1

I wanted to make a reader which reads configuration files similar to INI files for mswin. It is for exercise to teach myself using a lexer/parser generator which I made. The grammar is:

%lexer
HEADER ::= "\\[[0-9a-zA-Z]+\\]"
TRUE ::= "yes|true"
FALSE ::= "no|false"
ASSIGN ::= "="
OPTION_NAME ::= "[a-zA-Z][0-9a-zA-Z]*"
INT ::= "[0-9]+"
STRING ::= "\"(\\\"|[^\"])*\""
CODE ::= "<{(.*)}>"
BLANK ::= "[ \t\f]+" :ignore
COMMENT ::= "#[^\n\r]*(\r|\n)?" :ignore
NEWLINE ::= "\r|\n"
%parser
Options ::= OptionGroup Options | OptionGroup | @epsilon@
OptionGroup ::= HEADER NEWLINE OptionsList 
OptionsList ::= Option NEWLINE OptionsList | Option 
Option ::= OPTION_NAME ASSIGN OptionValue
OptionValue ::= TRUE | FALSE | INT | STRING | CODE 

The problem lies in the @epsilon@ production. I added it because I want my reader to accept also empty files. But I'm getting conflicts when 'OptionsList' or 'OptionGroup' contains an epsilon production. I tried rearrange elements in productions, but I'm only getting conflicts (r/r or s/r, depending of what I did), unless I remove the epsilon completely from my grammar. It removes the problem, but...in my logic one of 'OptionsList' or 'OptionGroup' should contain an epsilon, otherwise my goal to accepting empty files is not met.

My parser generator uses LR(1) method, so I thought I can use epsilon productions in my grammar.
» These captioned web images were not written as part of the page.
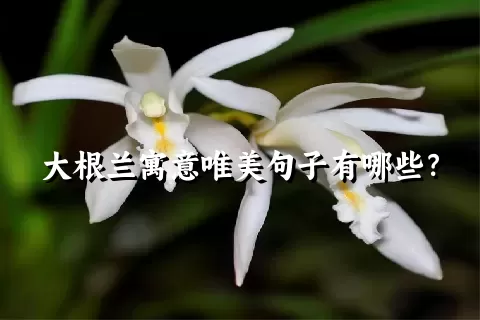 大根兰寓意唯美句子有哪些？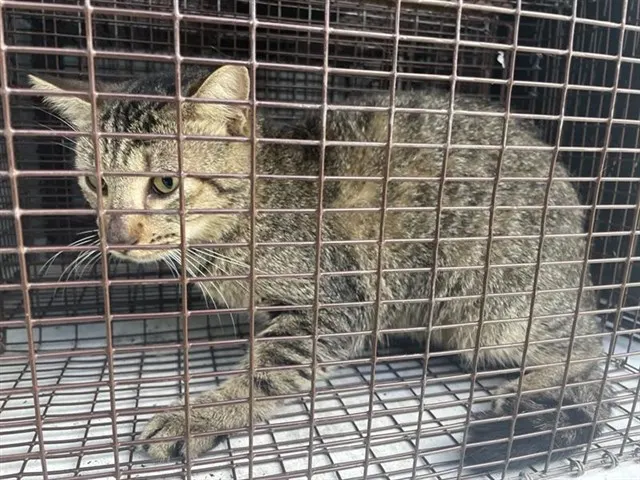 Adoptable Cat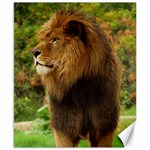 Alert lion Canvas 8  x 10 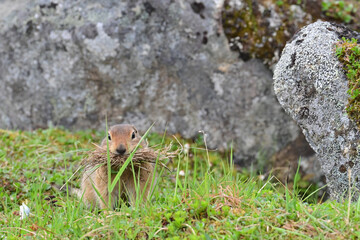 An Arctic Ground Squirrel (Spermophilus parryii) gathers dried grass to line its burrow in Alaska's Talkeetna Mountains.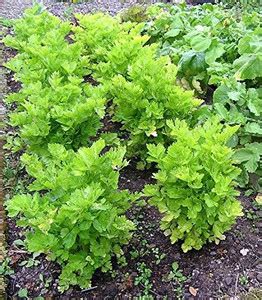 VibeX ® VXI-226 Chinese Celery Seeds, Kintsai Seed Price in India - Buy ...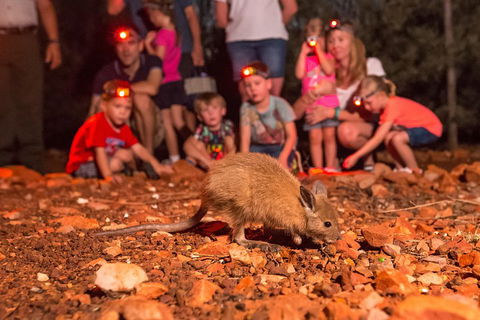 Alice Springs Desert Park Nocturnal Tour - 2032 Olympic Games 1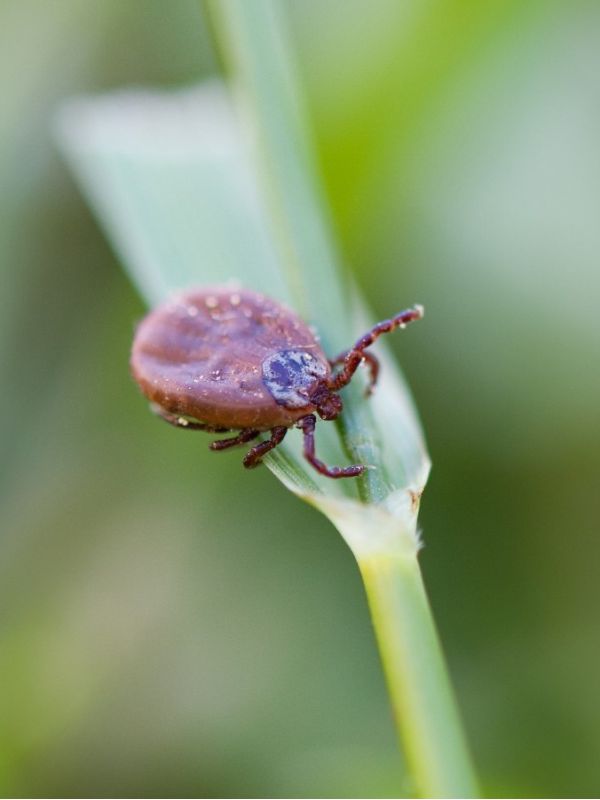 Ticks- Townsville Termite Specialist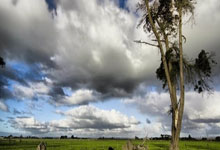 开元棋牌官网:世预赛-玻利维亚0-0乌拉圭送阿根廷出线.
It seems I'm good at writing generators, but not in constructing error-less grammars :(.

Should I forget about epsilons? Or is my grammar accepting empty inputs even when there is no epsilon production?

Felix.leg
  • 622
  • 1
  • 4
  • 13

1 Answers1

2

Your Options production allows an Options to be a sequence of OptionGroups, starting with either an empty list or a list consisting of a single element. That's obviously ambiguous, because a list of exactly one OptionGroup could be:

  • The base case OptionGroup
  • The base case @epsilon@ with the addition of an OptionGroup.

In short, instead of

Options ::= OptionGroup Options | OptionGroup | @epsilon@

you need

Options ::= OptionGroup Options | @epsilon@

which matches exactly the same set of sentences, but unambiguously.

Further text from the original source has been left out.